The retail sales annual growth rate in July accelerated higher from June’s +3.4% pace to +4.2%. Now this provides us with some valuable information.

First, it tells us that retail sales are accelerating or improving.

Second, and more importantly, this acceleration broke a five-month streak of declining retail sales.

It's far more valuable, as an allocator of capital, to understand the context of a fundamental data point rather than whether that data point met, exceeded or missed the expectations of a room full of economists. Remember, if you focus on average, you get average.


Quantitative Slopes

Investors’ infatuation with averages is not just a phenomenon found in fundamental data, it’s also prevalent in the analysis of financial market quantitative data.

Not a day goes by that you don’t hear about this market trading above its 100-day moving average or that market crossing below its 50-day moving average.

The real question is: Do moving averages give you an edge? Do they tell you something valuable about a particular market? In a word, “no.”

Moving averages provide no useful edge for trading.

There is absolutely no data to suggest moving averages provide investors with a reliable prediction of future price movement. The only thing a moving average can do, is very quickly tell you what the trend of a particular market is over the particular time frame of the moving average.

But moving averages aren’t the only aspect of quantitative data investors misuse.

An index is nothing more than the average performance of all the index's components.

For instance, the average performance of the S&P 500 index since July 19, via it’s exchange-traded fund proxy, SPY, is -0.64%. The average daily volume has been 59MM shares and the average weekly volume over that time has been 262MM shares.

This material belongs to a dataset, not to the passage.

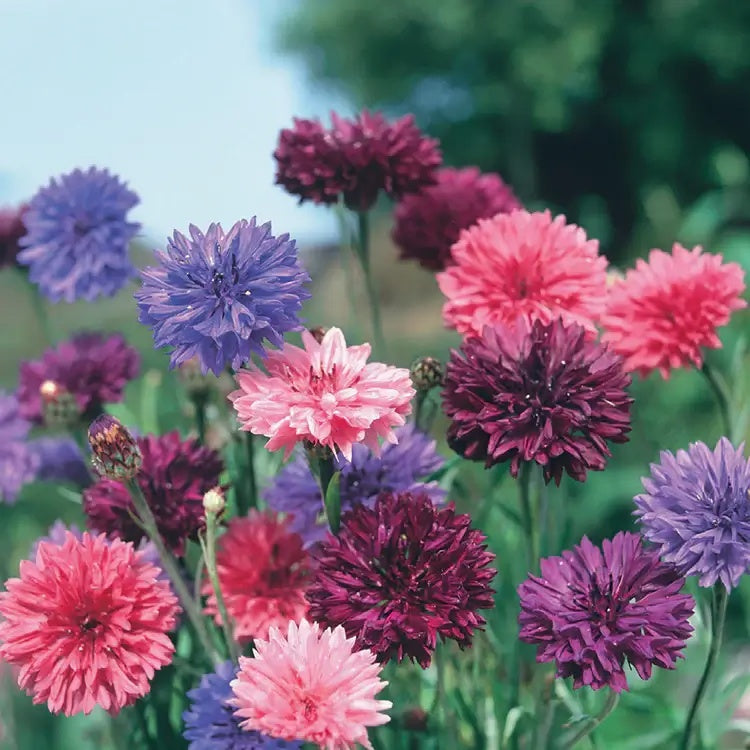 Cornflower Seeds – Double Mixed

Does this information help you evaluate whether to allocate capital to SPY, or US equities in general? You know the daily and weekly volume and you know that SPY is essentially unchanged over the last month.

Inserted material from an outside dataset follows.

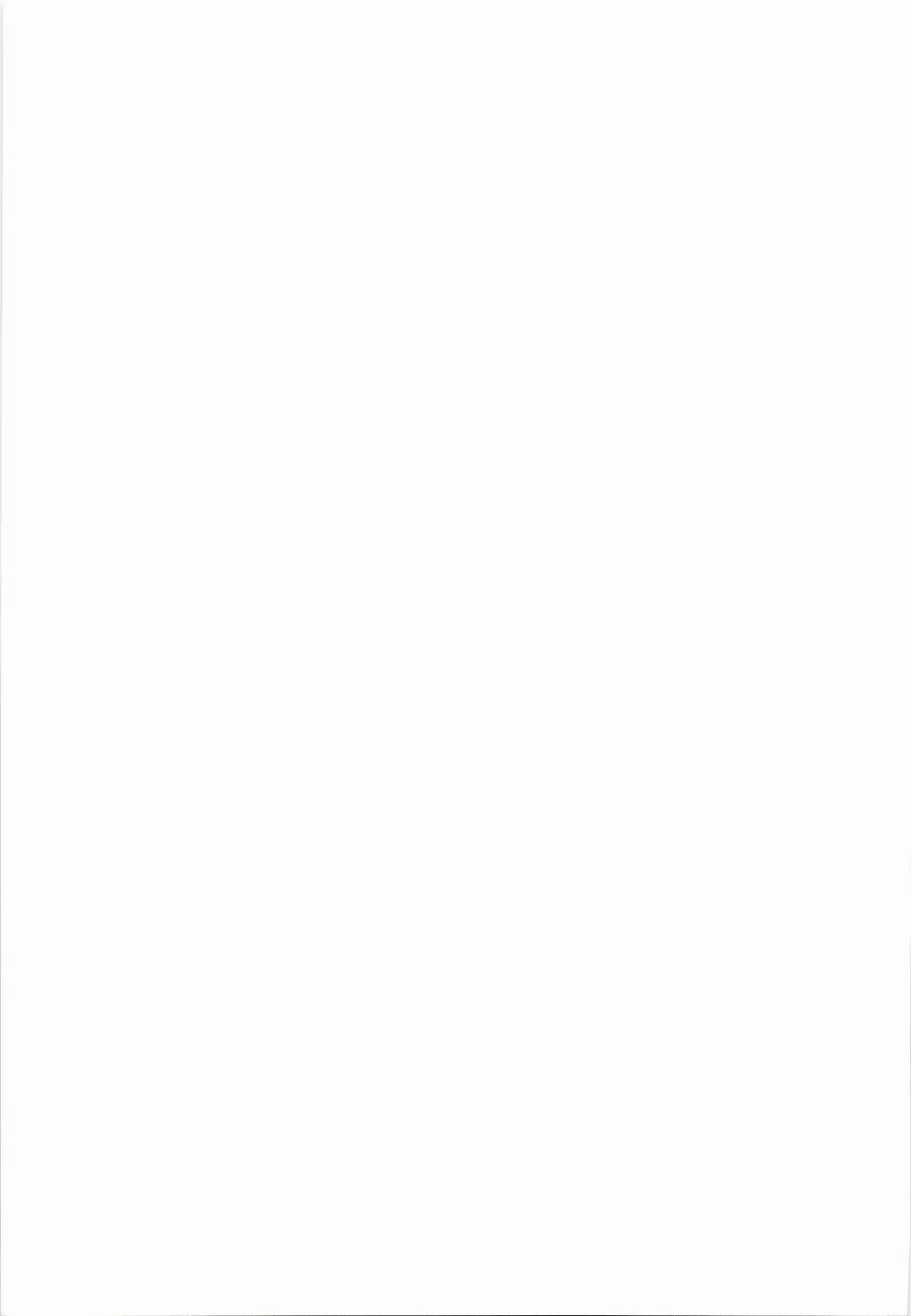 ComicMarket100 ExclusiveGift Limited Edition BRILLIANT page 2 full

There is no edge in this average information.

This is not to say quantitative data of the SPY over the last 21 trading days can’t provide us with valuable insight, quite the opposite.

For instance, during those 21 trading days, SPY made brand new all-time highs on 4 separate occasions, which is equal to one every five days. Remember, “all-time” is a very long time indeed.

Not only that but SPY posted daily gains on 12 of the 21 trading days. However, the volume on those “green” days were 17% less than the volume on down days. This development in volume over the last month is in stark contrast to the first seven months of the year when volume was approximately the same on days with gains and days with losses.

We now have much more information to work with than what the averages alone provided.

That said, this information isn’t enough, by itself, to tell us how to trade SPY. But this more detailed analysis, driven by understanding slopes, paints a clearer picture of the US equity market than just evaluating averages alone.


Fitting In is Boring

Adam Levine once said, “Fitting in is boring for anyone that wants to be extraordinary.” Most investors are satisfied fitting in and using averages to drive their investment process. That’s why most investors have a very difficult time earning consistent, above-average returns through all types of market conditions.

You can gain far more insight into financial markets by understanding the slopes. What’s more, because most investors are solely focused on averages, those insights will allow you to see opportunities, and risks, that most investors miss.